What to do
Below are entries with pictures in them. Output exactly the lines starting at the line with "Trademark BARRA COOKIES" and ending at the line with "Used 2015 Volkswagen", both included, but not the pictures.

Source material
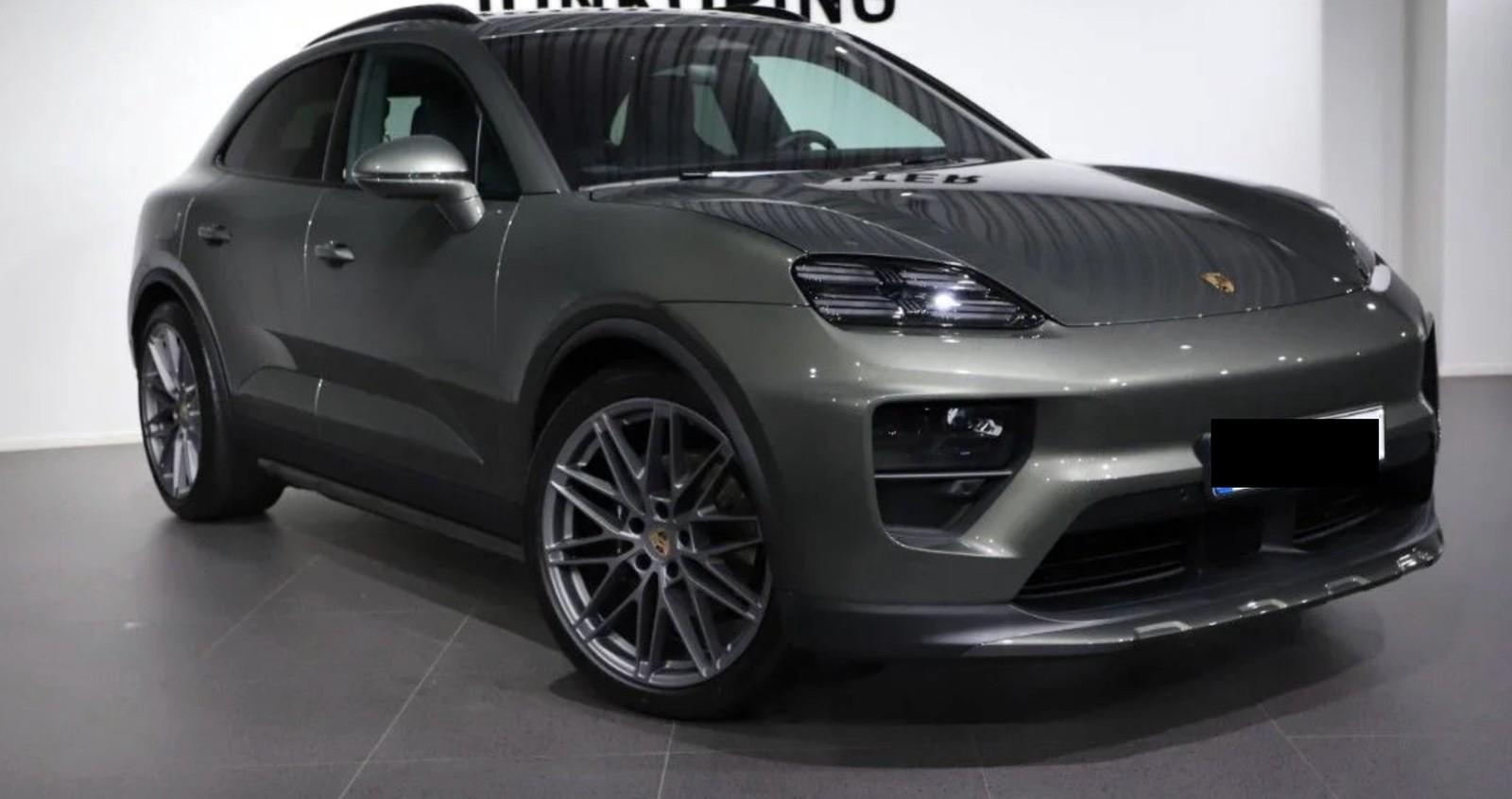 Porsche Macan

--

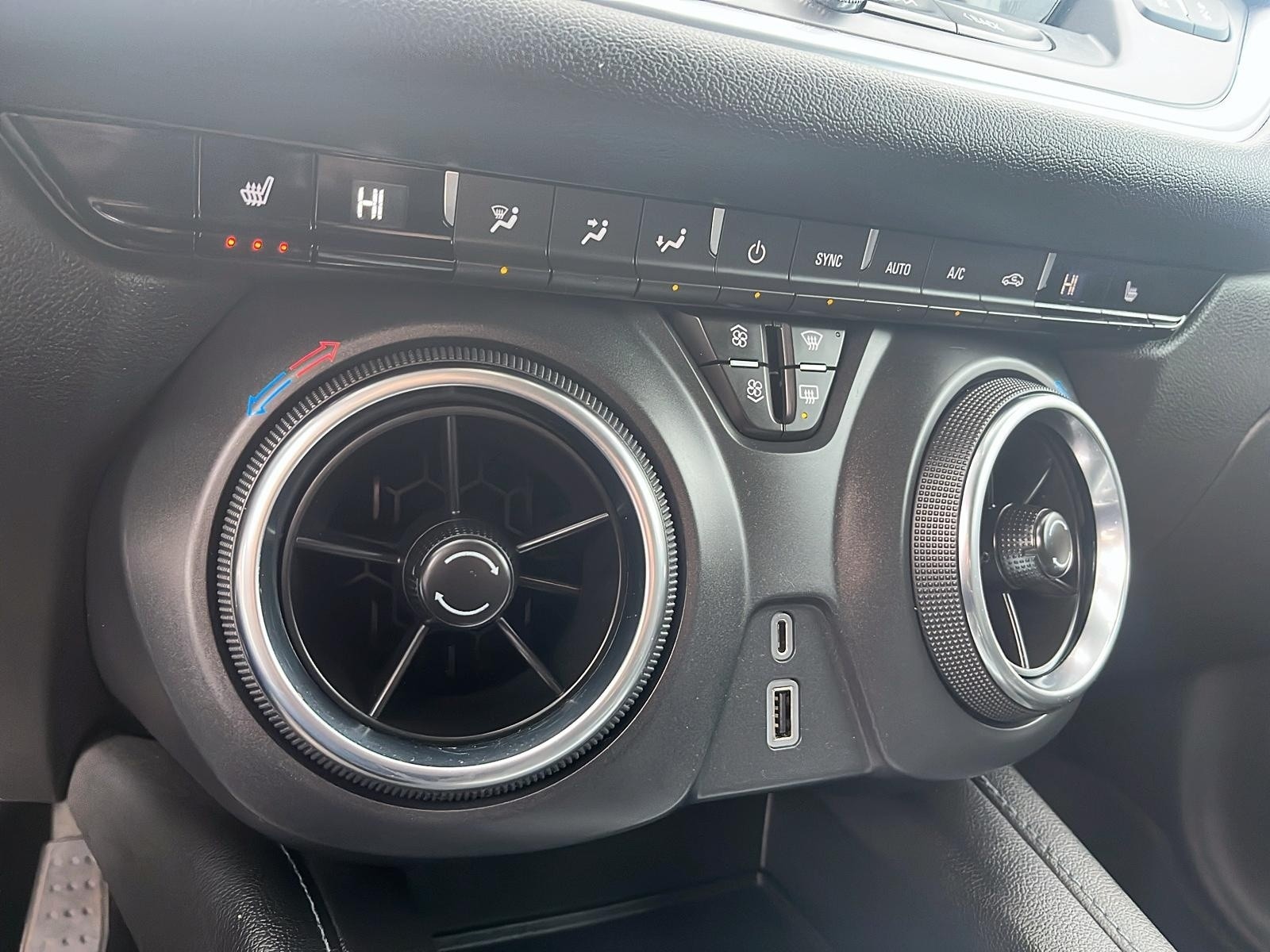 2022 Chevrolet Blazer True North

---

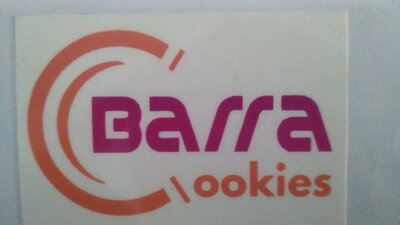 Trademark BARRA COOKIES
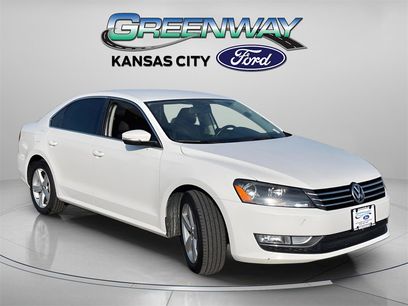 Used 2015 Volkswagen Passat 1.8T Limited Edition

Exercise output
 Trademark BARRA COOKIES
 Used 2015 Volkswagen Passat 1.8T Limited Edition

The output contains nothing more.